Then I cut a slit across the chicken just back of the keel of the breast bone. I cut the feet off at the knee joint and slip the drumstick through this slit. Then I lay the chicken up to cool out overnight. The next morning it may be wrapped and boxed, and is then ready for mailing.
Wrapping and boxing must not be slighted. The clean, sanitary appearance of the chicken when it is unpacked in the kitchen of your customer goes a long way toward prejudicing that customer in your favor. I buy thirty pounds of waxed paper, twenty-four by thirty-six inches, and have the paper house cut it in two. This gives me 1000 sheets, each eighteen by twenty-four inches, for the price of a ream of the full size—at this time about five dollars, or a half cent a sheet.
Each chicken is wrapped in one sheet of this waxed paper, and is then packed in a corrugated paper box made especially for sending chickens by parcel post.
I buy three sizes of these boxes. One size, which costs me four cents each, will hold one four-pound chicken when dressed and drawn. The next size, costing five cents each, will hold two very small chickens, or one large chicken. The third size, costing six cents each, will hold two large chickens, three medium-sized ones, or four small ones.
Do not use makeshifts, such as old shoe boxes. In the first place, your shipment is not properly protected by such a box; in the second place, your postmaster is likely to refuse to accept it for mailing, as he would be justified in doing; and in the third place, your customer receives his chicken in a box that has been used for he wonders what, and has been in he wonders what places.
It is for this reason that I never ask a customer to return a box to me. I do not want to use a box a second time. If I were a city man, getting my chickens by mail, I should want them sent to me in a brand-new box, made for the special purpose of sending chickens by mail—and I’d want them in no other box. Then I’d feel sure of them.
The cost of shipping by parcel post is low. I live ten miles from my county seat, and the postage required to send a five-pound, live-weight chicken, dressed and boxed, from my place to town is eight cents. The postage required to send that same five-pound chicken from here to Chicago, one hundred and fifty miles, is eight cents. The express company charges twenty-six cents for the same service, and does not deliver so quickly.

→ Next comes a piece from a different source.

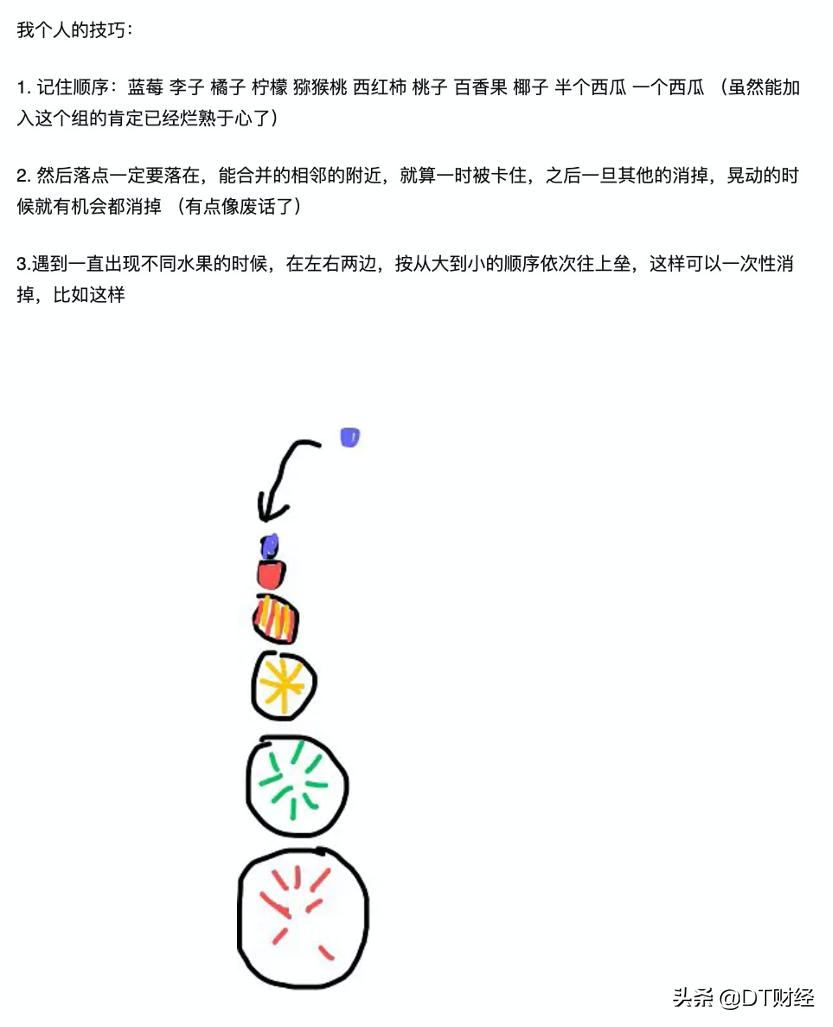 众人合成大西瓜游戏,一起来合成大西瓜游戏视频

But parcel-post delivery was not always so admirably done in Chicago. When I began shipping up there last September it was no uncommon thing for my packages to be so delayed that many chickens would spoil.

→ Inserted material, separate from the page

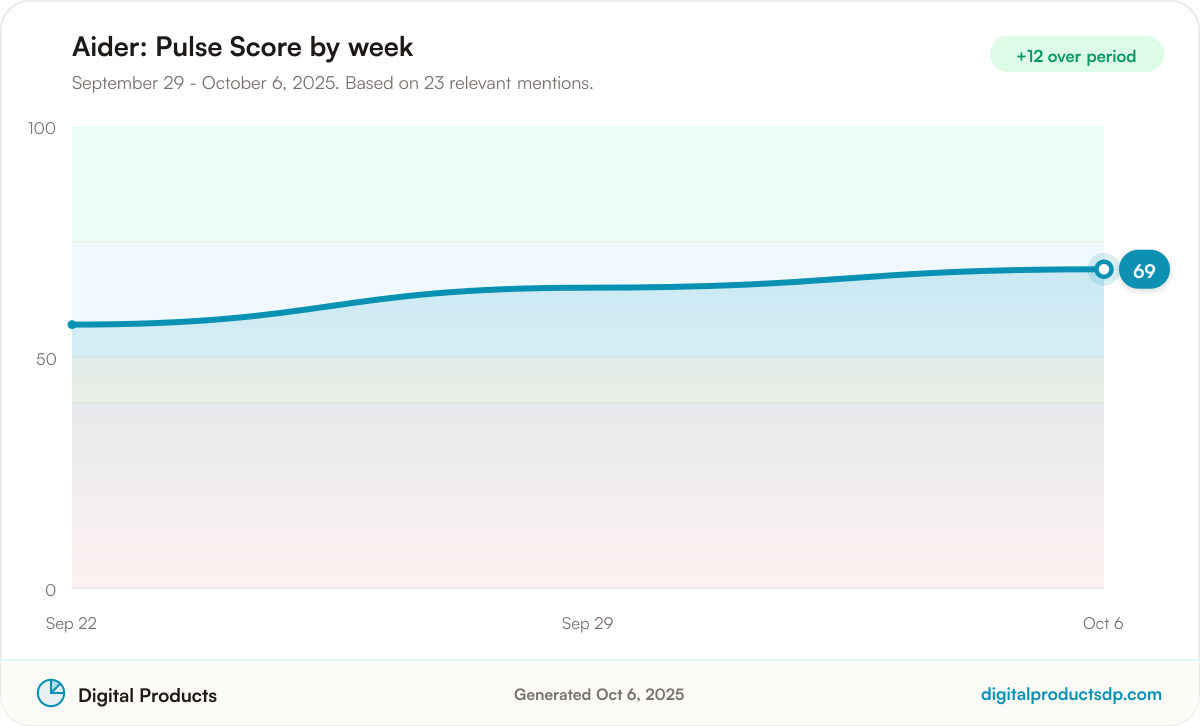 Line chart of weekly Pulse Scores for Aider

I recall the “straw that broke the camel’s back.” I mailed twenty-six chickens one day—and in due course I received thirteen letters, each advising me of the same mournful event. The chicken had spoiled because of delay in delivery. My wife wanted to quit. I didn’t. I made good the losses to the customers and prepared a label, a copy of which I forwarded to the Third Assistant Postmaster General at Washington, asking his permission to use it, and telling him of the vexatious and expensive delays in delivering my packages in Chicago.